Currency Day Trading
An important distinction can be made between the different types of investors. You have passive investors and day traders. With passive investments, the shares are held for a longer period after purchase. This can be for a period of a few months or over a number of years. These shares are invested in for a longer period, because there is confidence that they will gradually increase in value or that they will provide good dividend yields. There is no trading based on short-term fluctuations.

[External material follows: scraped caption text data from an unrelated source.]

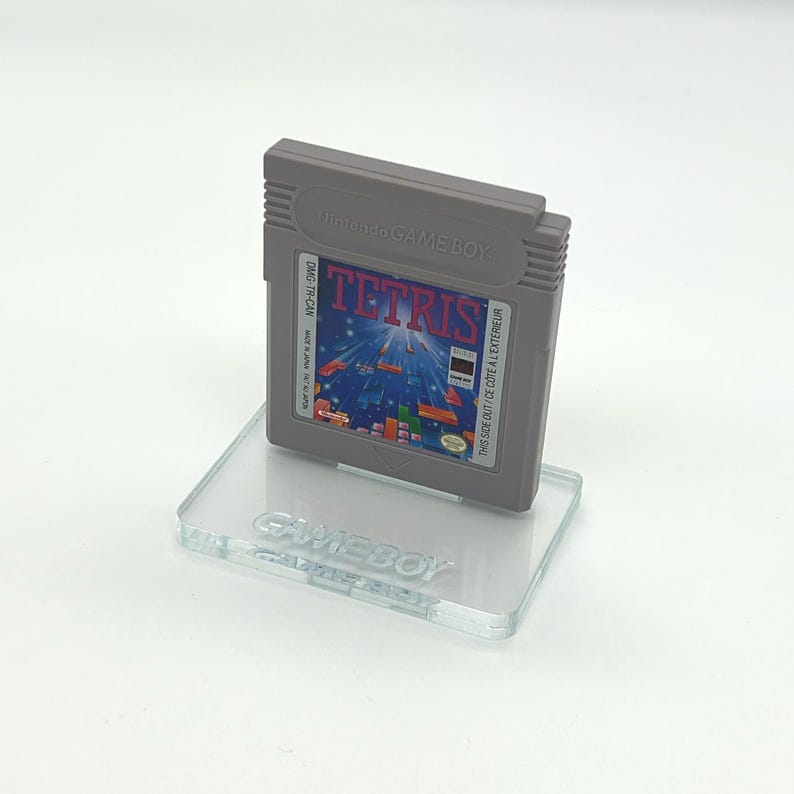 May include: A gray Game Boy cartridge for the game Tetris is displayed on a clear acrylic stand. The stand has the word "GAMEBOY" engraved on it.
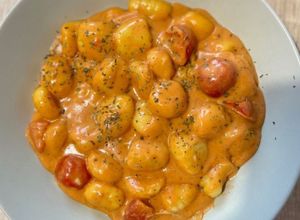 Una foto de Ñoquis con Salsa Cremosa de Cherry 🍎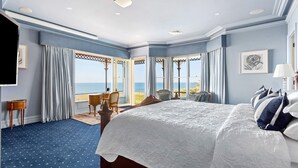 A spacious bedroom with a large bed, a desk, and a view of the sea. - Pelican Clifftop Estate | Magistic views with pool (Mount Eliza)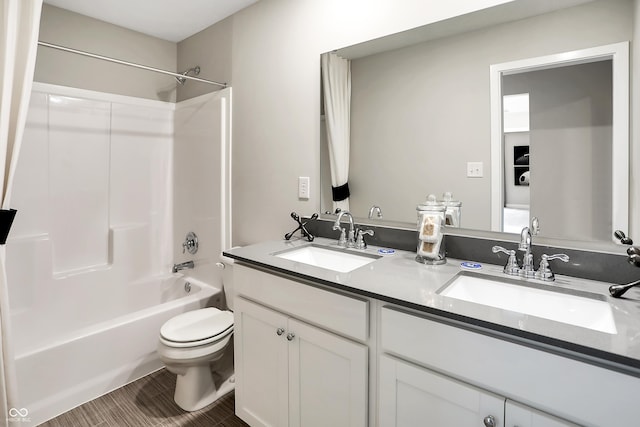 full bathroom with bathing tub / shower combination, vanity, and toilet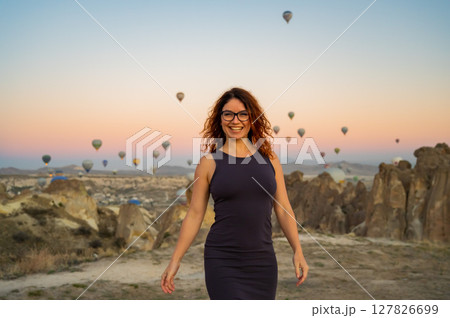 Caucasian woman posing against the backdrop of balloons flying over Cappadocia at sunrise.  127826699
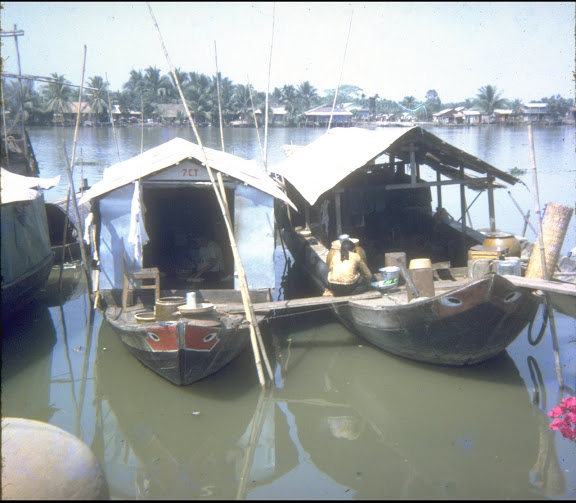 the boats are moored at the small dock in the lake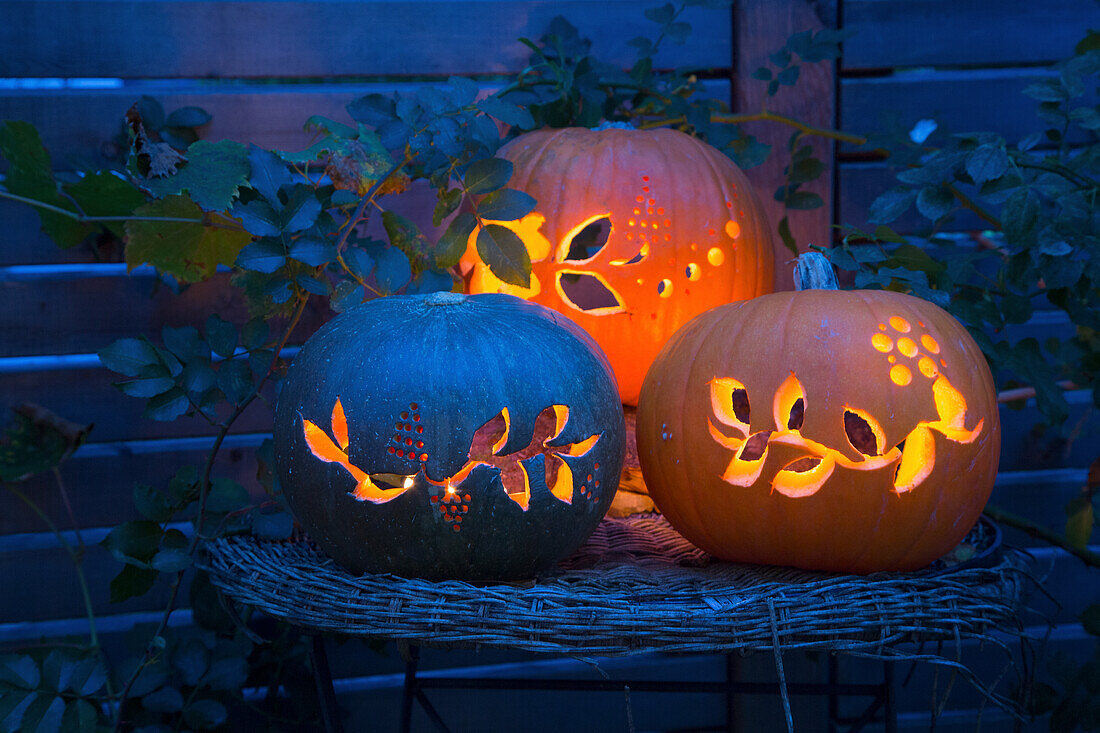 Hollowed-out pumpkins with lighting on a rattan side table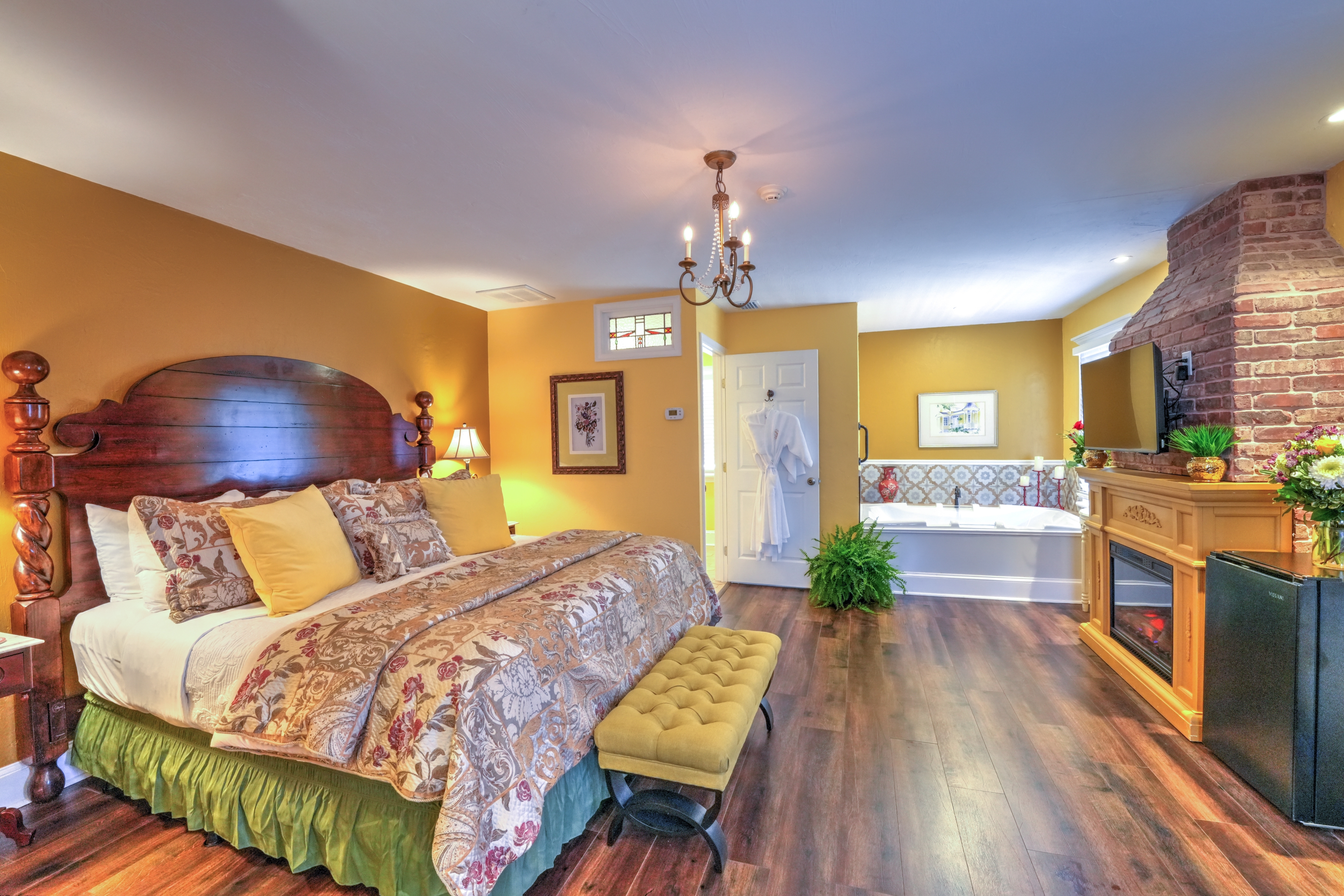 Spacious and elegant bedroom with king bed, upholstered bed bench at foot of the bed and in the far corner a whirlpool tub.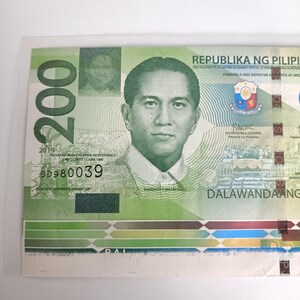 Op de afbeelding: Een groene 200 Filipijnse peso biljet met een portret van een man. De biljet bevat tekst in het Engels en Tagalog, met de woorden "Republika ng Pilipinas" zichtbaar. De biljet is gedateerd 2019.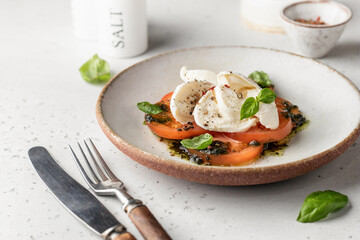 Caprese salad in modern feed with tomatoes, basil, mozzarella, pesto. Traditional Italian food with cutlery on white background, menu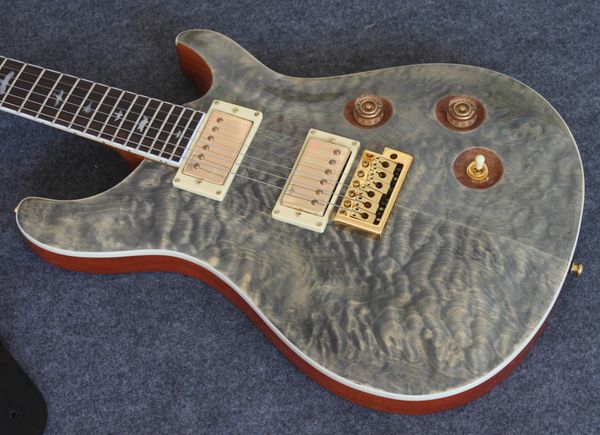

custom electric guitar reed smith quilted maple manual mahogany eagle headstock logo mop birds inlay tremolo bridge gold hardware
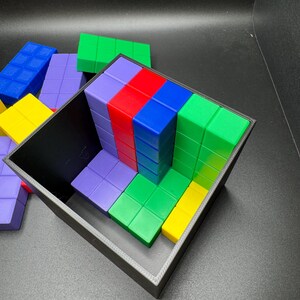May include: A black container filled with colorful, rectangular blocks. The blocks are arranged in rows and columns, with colors including red, blue, green, yellow, and purple. Some blocks are outside the container.
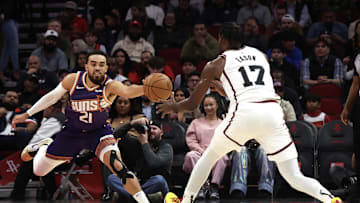 Feb 12, 2025; Houston, Texas, USA; Phoenix Suns guard Tyus Jones (21) steals the ball from Houston Rockets forward Tari Eason (17) in the first quarter at Toyota Center. Mandatory Credit: Thomas Shea-Imagn Images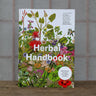 Herbal Handbook with recipes, tinctures, and balms with bright illustrated cover on a wooden table.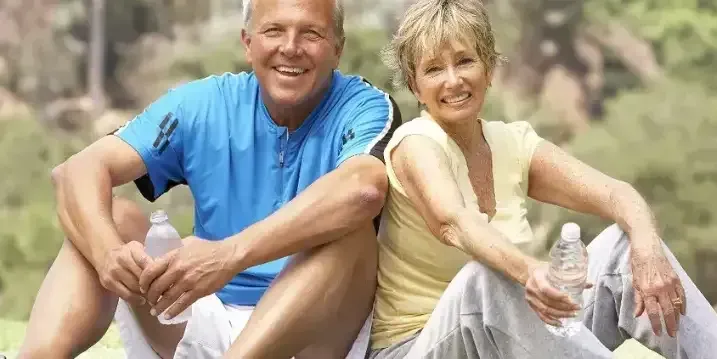 A Man and a Woman Are Sitting Next to Each Other on the Grass — Northern Beaches GP Superclinic in Deeragun, QLD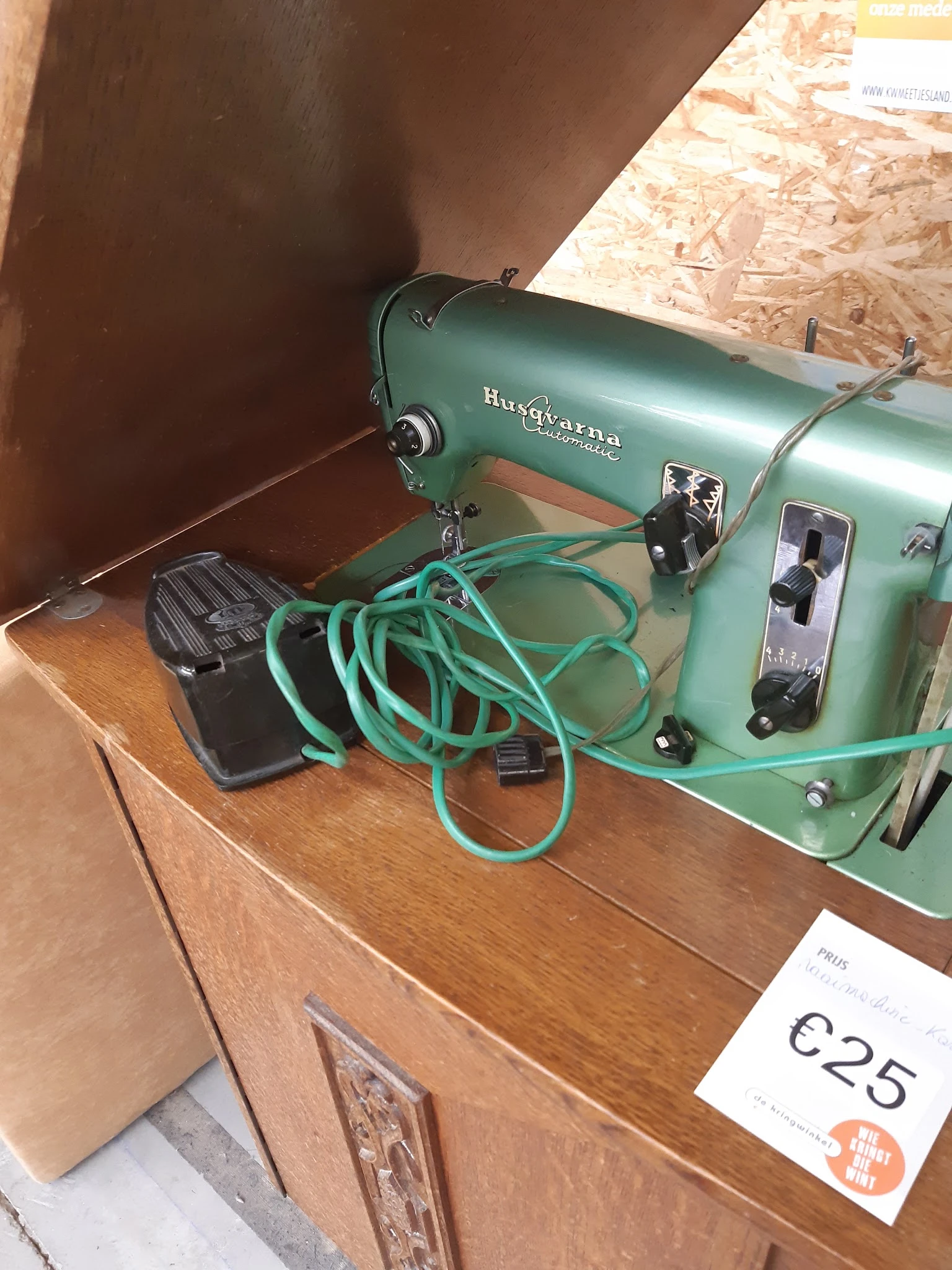 Groene vintage naaimachine Husqvarna met turquoise snoer op houten tafel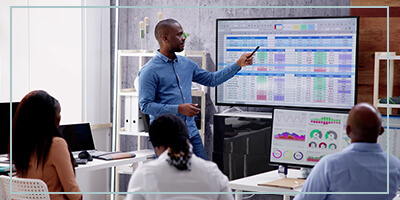 A consultant reviews a color coded spreadsheet with attentive staff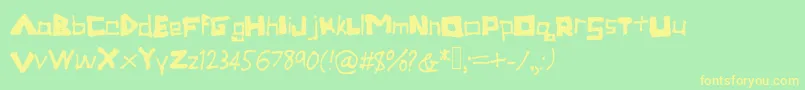 フォントTronica – 黄色の文字が緑の背景にあります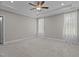 Bright bedroom with a ceiling fan, neutral carpet, and large windows with curtains at 381 Heart Pine Dr, Wendell, NC 27591
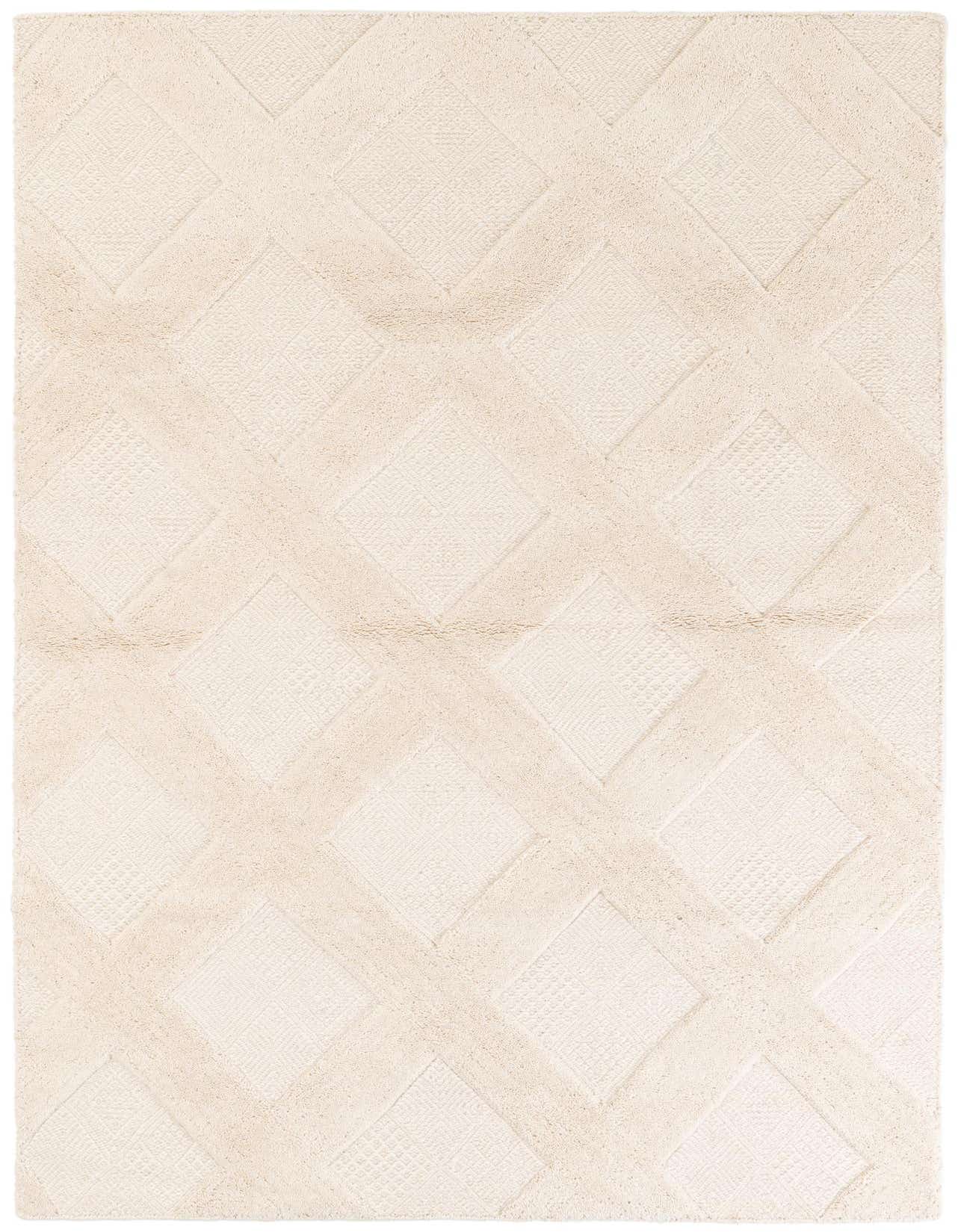 A 5x8 rectangular ivory cotton rug with a modern geometric pattern of textured diamonds, suitable for a living room.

Day traders operate differently. In day trading (also referred to as active investing or day trading ) , transactions are concluded continuously. A day trader wants to earn money from short-term price changes and trades in positions. These are called ‘long positions’ when buying and ‘short positions’ when selling. It is less important for a day trader in which direction the price moves in the long term, because he only keeps his positions open for a short time. This can last a few seconds or at most a few days. A day trader therefore responds to short-term fluctuations .
Risks in currency trading when day trading
Day trading involves great risks. A day trader can lose his entire investment in a matter of minutes. This is because when taking large positions on the Forex market , small price movements can have a major effect on the price and therefore also on the amounts of money involved. It is therefore of great importance that the investment in one day trade or transaction of an active investor, only represents a small part of his total investment capital.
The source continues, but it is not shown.